## Task
Go through the listing and set it down exactly, leaving out its pictures.

-----

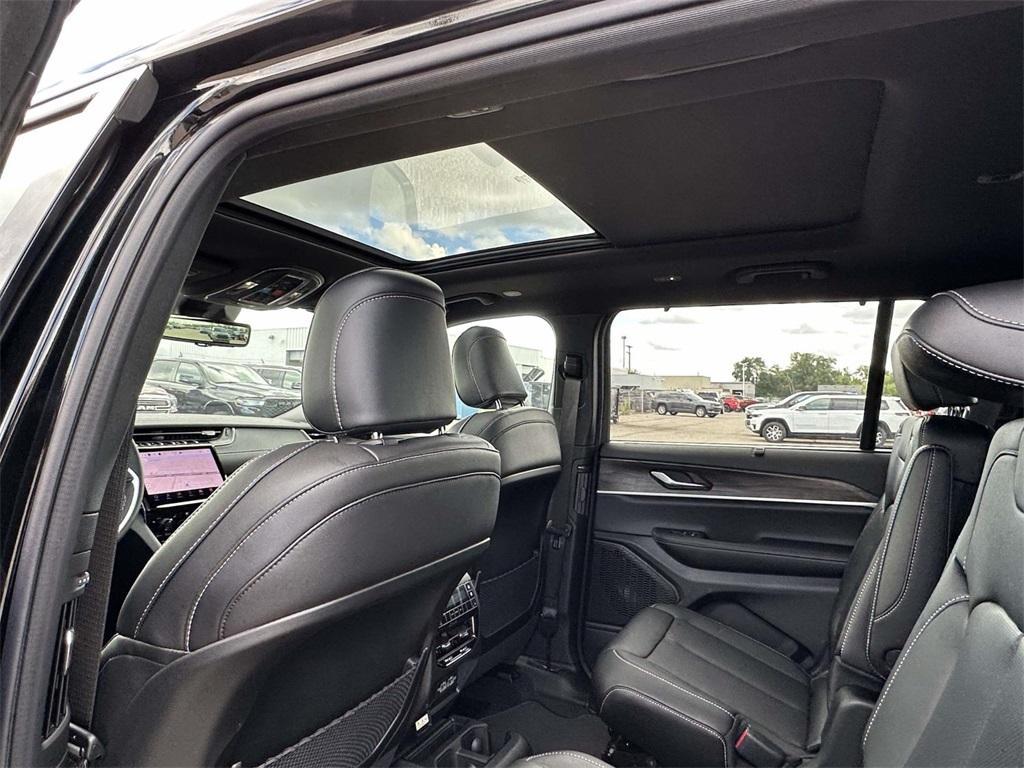 new 2025 Jeep Grand Cherokee L car, priced at $53,813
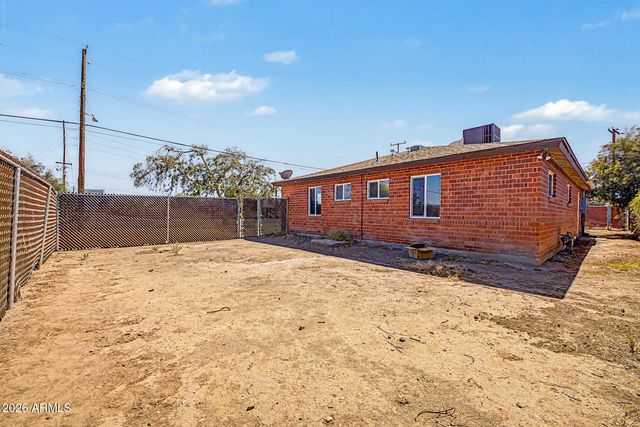 2402 W OSBORN Road, Phoenix, AZ 85015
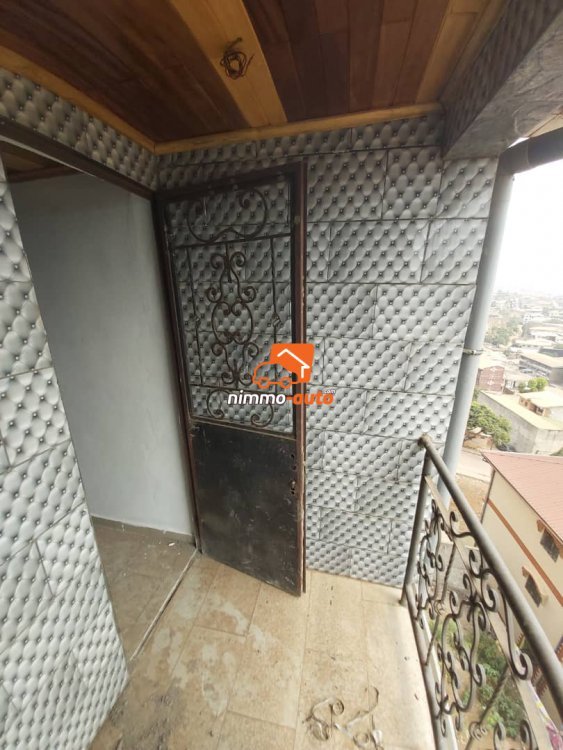 Grand et Beau Bureau à louer Biyem-Assi en Route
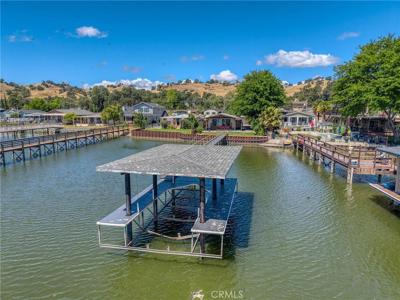 4400 Lakeshore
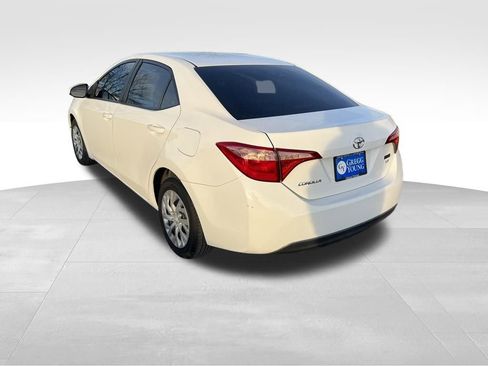 Used 2019 Toyota Corolla LE image 3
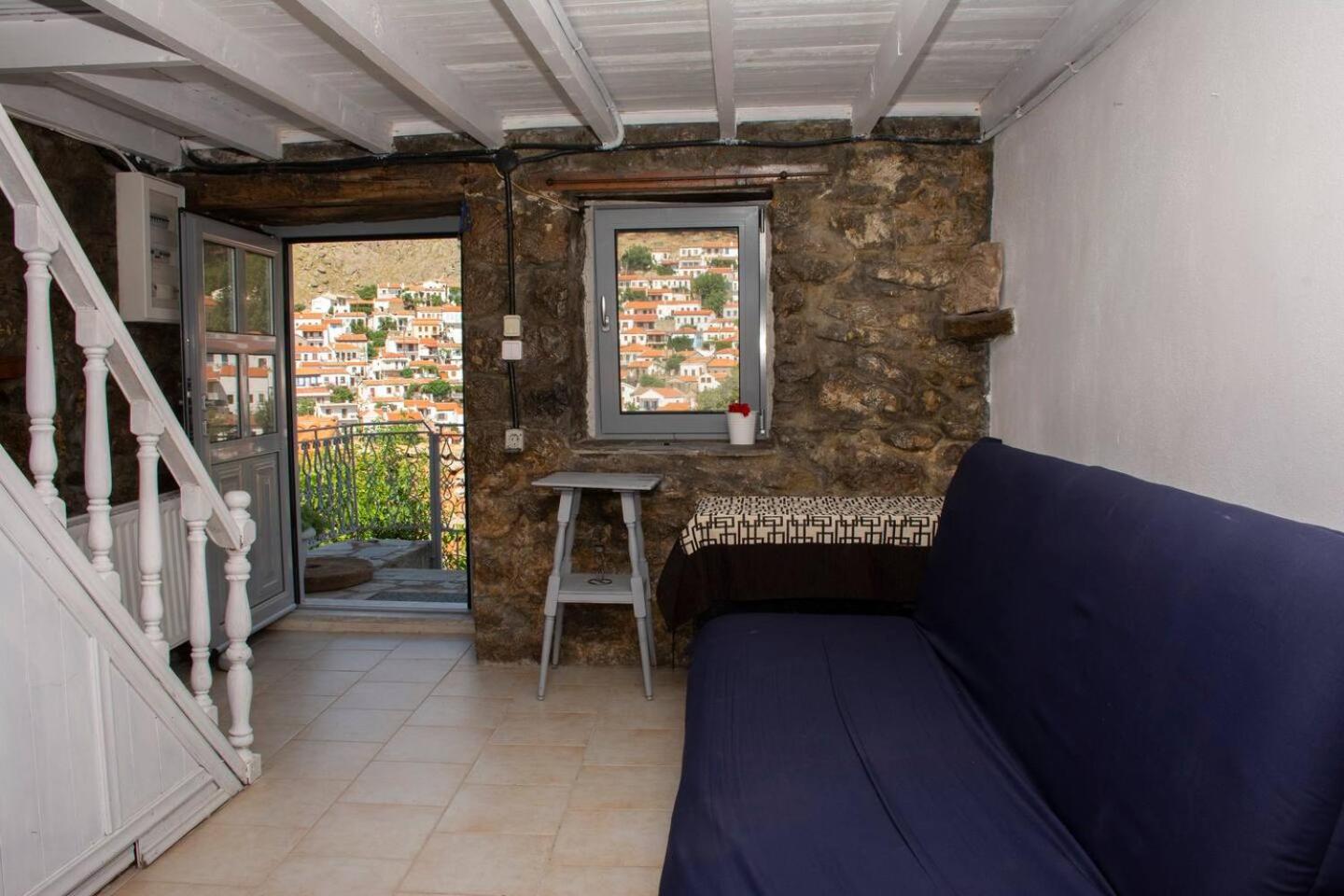 Caviro-traditional Stone House In Chora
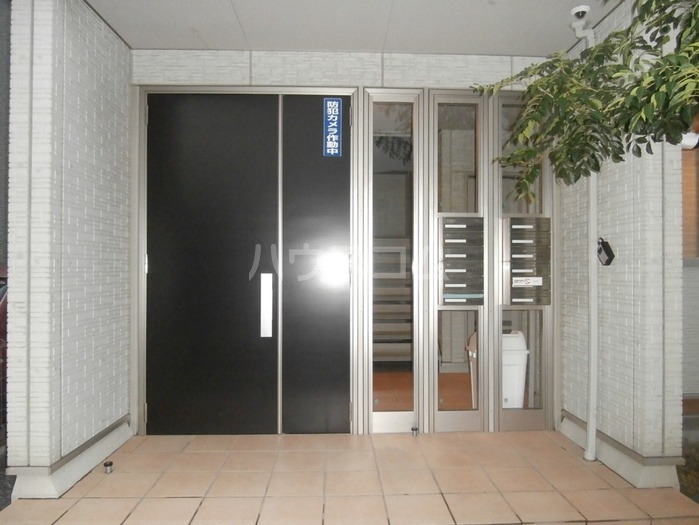 17/19 エントランス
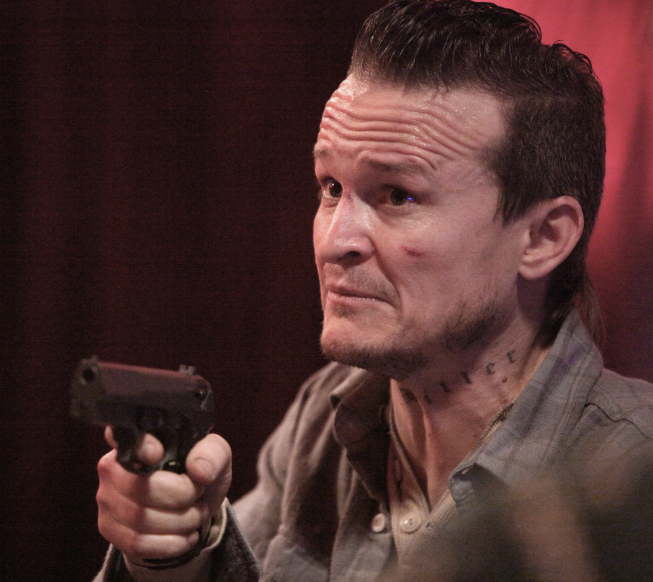 Damon Herriman در صحنه سریال تلویزیونی درست به هدف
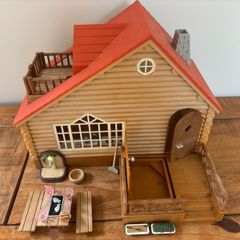 Sylvanian Log cabin & extra accessories!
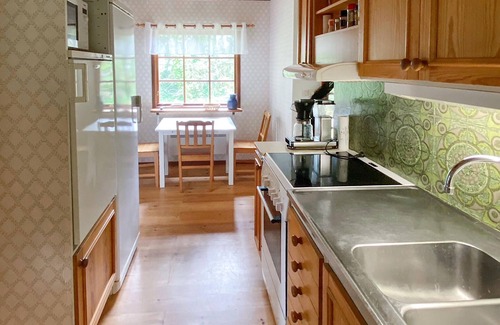 Loderup House | Amazing home in Löderup with kitchen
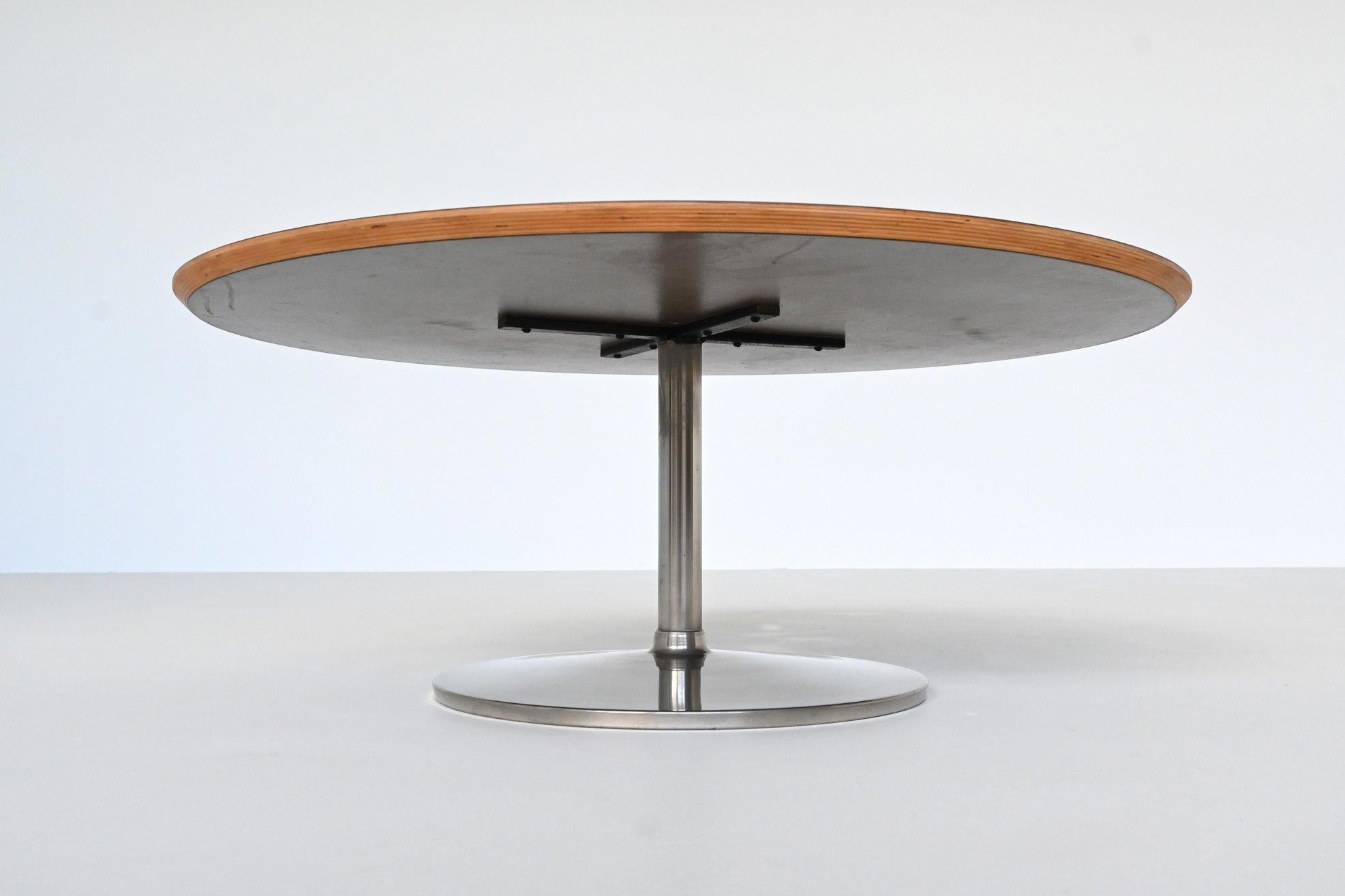Geoffrey Harcourt tulip coffee table Artifort The Netherlands 1970 5
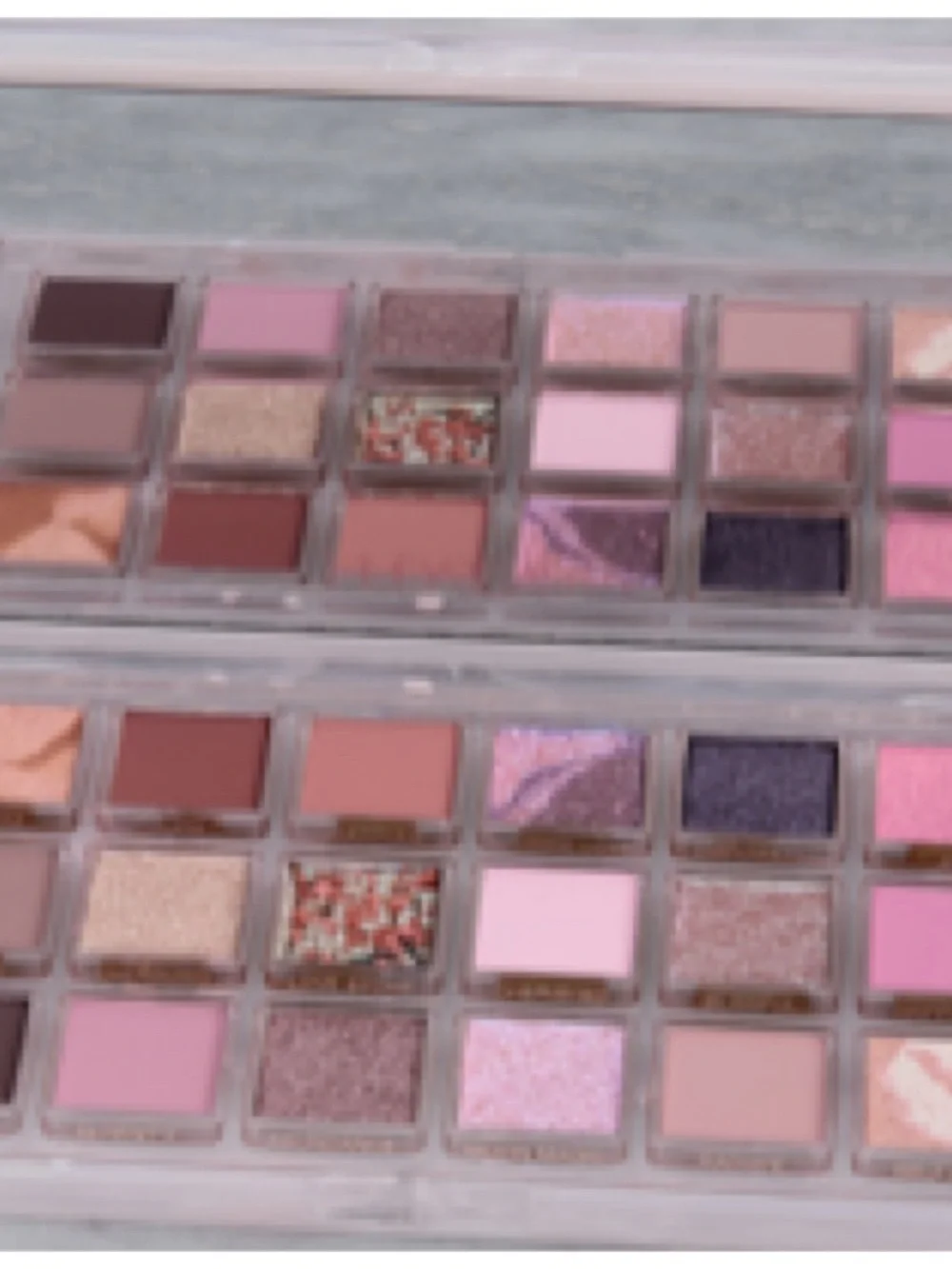 HUDA BEAUTY ROSE QUARTZ EYESHADOW PALETTE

-----

## Answer below
 new 2025 Jeep Grand Cherokee L car, priced at $53,813
 2402 W OSBORN Road, Phoenix, AZ 85015
 Grand et Beau Bureau à louer Biyem-Assi en Route
 4400 Lakeshore
 Used 2019 Toyota Corolla LE image 3
 Caviro-traditional Stone House In Chora
 17/19 エントランス
 Damon Herriman در صحنه سریال تلویزیونی درست به هدف
 Sylvanian Log cabin & extra accessories!
 Loderup House | Amazing home in Löderup with kitchen
Geoffrey Harcourt tulip coffee table Artifort The Netherlands 1970 5
 HUDA BEAUTY ROSE QUARTZ EYESHADOW PALETTE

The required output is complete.